Located in the northeast of India, the state of Uttar Pradesh is known for the Taj Mahal, the Ganges and the holy city of Varanasi.  It’s also home to the eastern ‘Badlands’, an area that boasts high levels of poverty, crime, and acute pressures on land.  (In fact, land is in such short supply that people will have living family members legally declared dead in order to speed up the inheritance process.)  Peasant farmers work small family plots, and with each successive generation, the plot is divided amongst the children, getting smaller and smaller until people are farming strips of land “no bigger than a basketball court”.

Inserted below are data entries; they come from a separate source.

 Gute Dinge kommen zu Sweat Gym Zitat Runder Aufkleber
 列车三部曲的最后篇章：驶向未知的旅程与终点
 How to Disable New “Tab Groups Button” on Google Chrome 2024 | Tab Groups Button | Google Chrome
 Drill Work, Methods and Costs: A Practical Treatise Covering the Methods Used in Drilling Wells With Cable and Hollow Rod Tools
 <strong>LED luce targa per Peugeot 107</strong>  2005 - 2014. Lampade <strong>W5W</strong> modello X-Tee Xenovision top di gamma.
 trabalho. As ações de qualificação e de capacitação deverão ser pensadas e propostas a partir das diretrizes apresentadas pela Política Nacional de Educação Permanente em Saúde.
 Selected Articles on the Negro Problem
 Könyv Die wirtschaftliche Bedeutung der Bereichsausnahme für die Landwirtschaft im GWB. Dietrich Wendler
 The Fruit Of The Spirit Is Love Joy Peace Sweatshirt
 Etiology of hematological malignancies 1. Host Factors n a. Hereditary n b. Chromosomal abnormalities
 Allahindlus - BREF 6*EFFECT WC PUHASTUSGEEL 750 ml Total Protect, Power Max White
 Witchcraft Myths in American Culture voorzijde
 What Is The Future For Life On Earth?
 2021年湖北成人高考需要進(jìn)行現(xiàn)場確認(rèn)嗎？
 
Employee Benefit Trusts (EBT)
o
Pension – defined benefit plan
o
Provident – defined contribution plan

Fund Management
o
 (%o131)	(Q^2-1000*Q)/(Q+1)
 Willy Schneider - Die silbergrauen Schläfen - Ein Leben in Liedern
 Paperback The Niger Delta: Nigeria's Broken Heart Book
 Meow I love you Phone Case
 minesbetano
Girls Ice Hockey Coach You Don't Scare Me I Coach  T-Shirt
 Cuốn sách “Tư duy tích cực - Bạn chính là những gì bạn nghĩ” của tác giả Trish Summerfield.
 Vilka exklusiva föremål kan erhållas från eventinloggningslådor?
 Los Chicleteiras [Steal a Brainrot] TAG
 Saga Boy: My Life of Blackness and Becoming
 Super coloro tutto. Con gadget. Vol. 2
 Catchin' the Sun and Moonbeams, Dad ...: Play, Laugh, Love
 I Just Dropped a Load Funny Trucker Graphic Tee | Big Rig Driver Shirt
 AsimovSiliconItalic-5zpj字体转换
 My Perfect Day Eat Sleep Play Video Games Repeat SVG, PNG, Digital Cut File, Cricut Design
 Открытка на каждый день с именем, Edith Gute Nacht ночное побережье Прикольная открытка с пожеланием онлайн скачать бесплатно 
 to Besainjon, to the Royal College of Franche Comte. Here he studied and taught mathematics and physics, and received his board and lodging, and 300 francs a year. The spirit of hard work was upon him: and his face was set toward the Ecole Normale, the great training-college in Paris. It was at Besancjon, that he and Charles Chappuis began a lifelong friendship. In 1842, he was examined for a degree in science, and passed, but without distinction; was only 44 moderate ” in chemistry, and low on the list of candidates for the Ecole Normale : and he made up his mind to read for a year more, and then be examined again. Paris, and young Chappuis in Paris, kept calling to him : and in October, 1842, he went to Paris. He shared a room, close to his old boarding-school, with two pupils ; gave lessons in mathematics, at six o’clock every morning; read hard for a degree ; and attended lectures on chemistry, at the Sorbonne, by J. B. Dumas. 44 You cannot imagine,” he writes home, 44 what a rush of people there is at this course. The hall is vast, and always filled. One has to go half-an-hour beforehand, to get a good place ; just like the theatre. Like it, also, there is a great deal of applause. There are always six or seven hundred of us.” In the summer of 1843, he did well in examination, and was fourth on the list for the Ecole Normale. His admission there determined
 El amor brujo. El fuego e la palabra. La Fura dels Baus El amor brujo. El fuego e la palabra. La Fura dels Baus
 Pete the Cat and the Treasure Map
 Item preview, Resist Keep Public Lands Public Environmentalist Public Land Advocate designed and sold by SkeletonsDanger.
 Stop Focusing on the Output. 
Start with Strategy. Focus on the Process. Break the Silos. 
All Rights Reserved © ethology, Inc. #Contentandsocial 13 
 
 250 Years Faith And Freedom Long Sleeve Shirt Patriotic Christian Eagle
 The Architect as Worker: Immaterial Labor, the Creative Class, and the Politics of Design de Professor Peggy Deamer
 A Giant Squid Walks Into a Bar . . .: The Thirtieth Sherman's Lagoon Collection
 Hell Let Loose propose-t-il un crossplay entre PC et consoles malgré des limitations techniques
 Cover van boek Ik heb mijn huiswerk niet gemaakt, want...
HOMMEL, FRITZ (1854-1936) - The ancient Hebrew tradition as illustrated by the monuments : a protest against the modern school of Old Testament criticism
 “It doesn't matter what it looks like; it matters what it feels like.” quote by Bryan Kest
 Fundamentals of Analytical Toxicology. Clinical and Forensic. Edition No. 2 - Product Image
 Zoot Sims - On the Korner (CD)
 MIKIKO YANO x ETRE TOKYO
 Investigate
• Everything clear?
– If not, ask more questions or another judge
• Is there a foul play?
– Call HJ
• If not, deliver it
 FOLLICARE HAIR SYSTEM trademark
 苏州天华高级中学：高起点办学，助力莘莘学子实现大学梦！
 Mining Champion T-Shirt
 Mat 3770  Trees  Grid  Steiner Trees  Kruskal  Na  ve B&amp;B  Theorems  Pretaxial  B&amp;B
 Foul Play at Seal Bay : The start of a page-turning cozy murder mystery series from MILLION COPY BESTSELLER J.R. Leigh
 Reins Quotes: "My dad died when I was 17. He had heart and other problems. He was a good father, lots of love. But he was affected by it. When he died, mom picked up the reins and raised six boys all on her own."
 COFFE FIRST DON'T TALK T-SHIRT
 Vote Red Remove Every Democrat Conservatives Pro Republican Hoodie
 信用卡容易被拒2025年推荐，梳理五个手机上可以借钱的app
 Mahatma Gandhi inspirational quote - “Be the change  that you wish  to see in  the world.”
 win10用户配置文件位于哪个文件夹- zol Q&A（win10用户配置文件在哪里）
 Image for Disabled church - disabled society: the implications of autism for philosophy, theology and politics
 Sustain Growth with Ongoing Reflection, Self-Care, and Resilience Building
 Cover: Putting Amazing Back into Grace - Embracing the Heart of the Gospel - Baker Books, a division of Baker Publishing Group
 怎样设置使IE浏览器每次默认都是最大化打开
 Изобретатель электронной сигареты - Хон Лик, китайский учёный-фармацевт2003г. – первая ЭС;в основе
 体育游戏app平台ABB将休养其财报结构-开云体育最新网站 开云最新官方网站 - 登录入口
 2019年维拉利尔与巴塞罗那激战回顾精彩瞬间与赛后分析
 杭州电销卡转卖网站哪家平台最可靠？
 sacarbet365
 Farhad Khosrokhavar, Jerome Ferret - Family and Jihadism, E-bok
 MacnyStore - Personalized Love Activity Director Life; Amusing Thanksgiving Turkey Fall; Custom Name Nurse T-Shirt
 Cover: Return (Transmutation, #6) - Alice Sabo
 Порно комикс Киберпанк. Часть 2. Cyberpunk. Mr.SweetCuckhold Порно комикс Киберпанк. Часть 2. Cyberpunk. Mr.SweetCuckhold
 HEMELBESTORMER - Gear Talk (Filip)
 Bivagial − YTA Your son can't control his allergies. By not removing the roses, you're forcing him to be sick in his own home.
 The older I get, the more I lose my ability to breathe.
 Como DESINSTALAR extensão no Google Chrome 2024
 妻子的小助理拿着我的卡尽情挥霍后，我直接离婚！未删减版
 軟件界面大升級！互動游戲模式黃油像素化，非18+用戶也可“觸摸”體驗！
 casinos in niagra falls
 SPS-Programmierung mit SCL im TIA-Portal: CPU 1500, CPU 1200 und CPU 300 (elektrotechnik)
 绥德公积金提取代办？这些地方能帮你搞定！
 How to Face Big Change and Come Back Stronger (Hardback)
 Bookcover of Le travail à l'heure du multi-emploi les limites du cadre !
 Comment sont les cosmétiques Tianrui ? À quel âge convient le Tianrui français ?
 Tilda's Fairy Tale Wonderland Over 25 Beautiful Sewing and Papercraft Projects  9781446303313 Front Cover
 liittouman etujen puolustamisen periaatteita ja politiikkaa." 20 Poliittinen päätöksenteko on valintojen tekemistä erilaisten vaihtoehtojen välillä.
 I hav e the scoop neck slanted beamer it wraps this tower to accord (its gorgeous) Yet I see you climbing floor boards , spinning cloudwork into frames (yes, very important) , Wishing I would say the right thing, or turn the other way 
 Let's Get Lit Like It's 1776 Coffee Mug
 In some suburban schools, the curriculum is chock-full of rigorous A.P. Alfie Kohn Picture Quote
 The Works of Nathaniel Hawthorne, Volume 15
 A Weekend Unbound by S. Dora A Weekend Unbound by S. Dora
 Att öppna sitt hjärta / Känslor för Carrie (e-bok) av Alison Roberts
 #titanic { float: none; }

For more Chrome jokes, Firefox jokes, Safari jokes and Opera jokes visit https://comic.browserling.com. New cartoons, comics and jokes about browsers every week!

I thought it would be interesting to see this competition for land use from the air.  Each plot of land represents a smallholding of one family, so the more plots there are, the more intense demand on land must be.  For comparison, I pulled an aerial photo of Iowa, USA, where mechanised farming drives the development of huge plots, and low land pressure / successful business allows it.  Despite differences in farming, borders  nevertheless serve the same function in both cases – being a demarcation of ownership.  Sure, that’s a bit of a wide assumption, but it’s just a thought experiment, so bear with me.  Aerial photos aren’t exactly the same scale from one place to the next, so one of these has been rescaled in Paint.net.  I actually made this image a long time ago, so apologies that the locations are a bit vague.

Result? Pretty stark. Shame I couldn’t get them at the same resolution, as the impression is that the Iowa scene has been zoomed, when it’s actually at the same scale.  So what’s the point? I thought that you might be able to use a pattern-matching algorithm to  automatically scan aerial photos and estimate the size and number of plots.  This might work as a remote measurement of land availability and demand, and thereafter crime, poverty, etc.